Listed records.
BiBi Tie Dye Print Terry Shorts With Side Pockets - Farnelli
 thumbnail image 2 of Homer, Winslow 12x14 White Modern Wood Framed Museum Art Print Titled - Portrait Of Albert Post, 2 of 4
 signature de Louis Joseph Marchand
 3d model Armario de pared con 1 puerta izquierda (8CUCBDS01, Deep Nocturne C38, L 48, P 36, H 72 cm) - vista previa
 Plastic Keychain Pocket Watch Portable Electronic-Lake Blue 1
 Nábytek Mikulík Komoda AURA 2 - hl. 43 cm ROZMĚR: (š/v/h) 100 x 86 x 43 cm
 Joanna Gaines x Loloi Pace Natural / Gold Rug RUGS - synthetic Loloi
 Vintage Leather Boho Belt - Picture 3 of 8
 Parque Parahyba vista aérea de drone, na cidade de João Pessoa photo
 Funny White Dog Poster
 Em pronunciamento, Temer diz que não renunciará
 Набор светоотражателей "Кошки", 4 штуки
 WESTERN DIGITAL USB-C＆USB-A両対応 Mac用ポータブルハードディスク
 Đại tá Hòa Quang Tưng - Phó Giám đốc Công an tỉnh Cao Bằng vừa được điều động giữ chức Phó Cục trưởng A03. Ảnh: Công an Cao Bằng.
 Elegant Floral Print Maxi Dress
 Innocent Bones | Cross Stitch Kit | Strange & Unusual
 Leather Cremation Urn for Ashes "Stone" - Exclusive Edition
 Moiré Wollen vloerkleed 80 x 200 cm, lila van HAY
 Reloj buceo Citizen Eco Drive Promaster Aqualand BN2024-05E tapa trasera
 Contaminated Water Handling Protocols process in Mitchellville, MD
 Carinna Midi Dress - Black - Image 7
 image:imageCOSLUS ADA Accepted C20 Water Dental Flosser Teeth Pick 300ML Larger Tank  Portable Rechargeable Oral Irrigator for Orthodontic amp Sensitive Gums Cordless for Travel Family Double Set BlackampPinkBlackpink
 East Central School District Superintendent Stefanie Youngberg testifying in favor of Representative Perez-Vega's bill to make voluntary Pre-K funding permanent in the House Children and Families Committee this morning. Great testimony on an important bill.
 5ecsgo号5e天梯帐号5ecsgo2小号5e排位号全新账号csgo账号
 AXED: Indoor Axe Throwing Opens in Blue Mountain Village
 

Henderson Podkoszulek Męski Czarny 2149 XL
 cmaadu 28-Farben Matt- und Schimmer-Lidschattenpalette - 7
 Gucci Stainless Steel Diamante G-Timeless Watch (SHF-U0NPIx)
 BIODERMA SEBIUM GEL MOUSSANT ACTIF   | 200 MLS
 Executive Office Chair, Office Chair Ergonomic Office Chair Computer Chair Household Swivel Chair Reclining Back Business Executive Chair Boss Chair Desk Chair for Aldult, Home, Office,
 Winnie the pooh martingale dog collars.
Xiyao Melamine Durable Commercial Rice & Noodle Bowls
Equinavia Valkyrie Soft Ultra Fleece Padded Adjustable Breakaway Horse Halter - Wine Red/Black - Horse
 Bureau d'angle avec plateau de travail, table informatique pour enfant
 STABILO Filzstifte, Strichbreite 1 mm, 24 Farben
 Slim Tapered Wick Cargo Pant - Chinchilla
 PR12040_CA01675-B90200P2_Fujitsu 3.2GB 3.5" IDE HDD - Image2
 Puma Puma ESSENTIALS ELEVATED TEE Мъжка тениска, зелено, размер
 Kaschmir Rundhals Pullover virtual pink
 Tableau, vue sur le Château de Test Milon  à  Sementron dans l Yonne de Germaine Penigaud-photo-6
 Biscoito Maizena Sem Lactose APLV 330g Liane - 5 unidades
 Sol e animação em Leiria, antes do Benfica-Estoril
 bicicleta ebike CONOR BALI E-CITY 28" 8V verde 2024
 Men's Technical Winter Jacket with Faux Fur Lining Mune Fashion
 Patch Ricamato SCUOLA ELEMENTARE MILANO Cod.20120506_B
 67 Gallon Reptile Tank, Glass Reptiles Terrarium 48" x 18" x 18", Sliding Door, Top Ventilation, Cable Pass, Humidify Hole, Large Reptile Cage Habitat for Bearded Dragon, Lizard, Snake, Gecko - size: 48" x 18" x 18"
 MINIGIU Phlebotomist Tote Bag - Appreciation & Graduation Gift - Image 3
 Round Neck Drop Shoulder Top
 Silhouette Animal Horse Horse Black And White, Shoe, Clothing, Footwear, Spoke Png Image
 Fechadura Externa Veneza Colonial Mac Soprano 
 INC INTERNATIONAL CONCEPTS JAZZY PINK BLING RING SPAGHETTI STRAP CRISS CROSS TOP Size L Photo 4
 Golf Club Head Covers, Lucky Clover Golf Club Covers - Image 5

Problem requirements. Nothing but the lines from the one with "MINIGIU Phlebotomist Tote" through the final line of the data above should be output, exactly as written.

Reply.
 MINIGIU Phlebotomist Tote Bag - Appreciation & Graduation Gift - Image 3
 Round Neck Drop Shoulder Top
 Silhouette Animal Horse Horse Black And White, Shoe, Clothing, Footwear, Spoke Png Image
 Fechadura Externa Veneza Colonial Mac Soprano 
 INC INTERNATIONAL CONCEPTS JAZZY PINK BLING RING SPAGHETTI STRAP CRISS CROSS TOP Size L Photo 4
 Golf Club Head Covers, Lucky Clover Golf Club Covers - Image 5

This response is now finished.